I’ve been sharing recipes on my blog for years, and I’ll admit I kinda cringe at some of my early work. I’ve learned a ton about taking good photos of my food over the last few years. And I’m far from a professional photographer. This stuff isn’t hard if you keep in mind a few basic principles.
7 Simple Food Photography Tips
And let’s face it, food photography isn’t just for bloggers. We’re all sharing pics of our yummy lunches and sweet desserts on Instagram, right? Below I’m sharing 7 simple food photography tips. You don’t need any special equipment to start using them right away. (And yes, you can do all of this on your phone!)
Use Natural Light
This is my #1 top tip. I try to shoot all of my food photos outside and in the shade. If you shoot in the sun you’ll probably end up with harsh shadows. Find a shady spot (or an overcast day) and use natural light to take your pics. After about 3pm my patio is covered in shade so I take everything out there to get my pics. You can see my legs at the bottom of this pic.

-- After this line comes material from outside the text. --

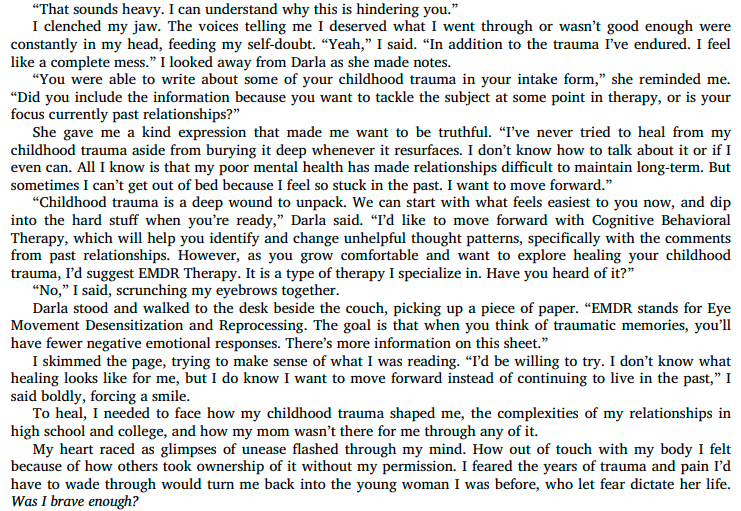 Past Forever by Amy Ayla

Can’t get your food outside? Try to get close to a window or other source of natural light.
Try Another Angle
Sometimes food looks best shot from above, and being the pretty short person that I am, I’ll get a small step stool or stand on a chair to be able to get that angle.
But don’t be afraid to shoot from the side to show your food in a different way. Take a bunch of pics from different angles and then see which you like best. You might be surprised!
Odd Numbers are Best
When laying out your food, remember that odd numbers of items seem to look best together. In this stack of brownies, I went with 3, not 2 or 4. Keep that in mind when you’re arranging your food. If you have individual items to showcase, go with an odd number on the plate.

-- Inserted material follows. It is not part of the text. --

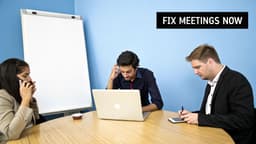 A Simple Meeting Agenda Format That Actually Works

Green is my go-to to brighten up a dish. If the colors of the food are a little blah, consider adding some fresh herbs to brighten it up. On the other hand, don’t go too crazy with different colors or you could just make a mess of your shot. Think about how everything looks together, almost like you’re coordinating an outfit.
You’ll want to use a pretty neutral background to create your layout, too. Marble and wood are great choices. And if you don’t have anything like that in your house, you can easily purchase a vinyl background (I got a bunch on Etsy and here are some on Amazon). I love this tutorial from my friend at A Grande Life on creating some really inexpensive, beautiful backgrounds.
Decorate With Ingredients and Props
Without making your scene feel overcrowded and messy, you can fill in empty spaces with simple props. Using ingredients is often a good way to communicate what’s in the food. For example, chocolate chips can be strewn around a plate of cookies. Blueberries can add color and fill in the blanks around a tray of muffins.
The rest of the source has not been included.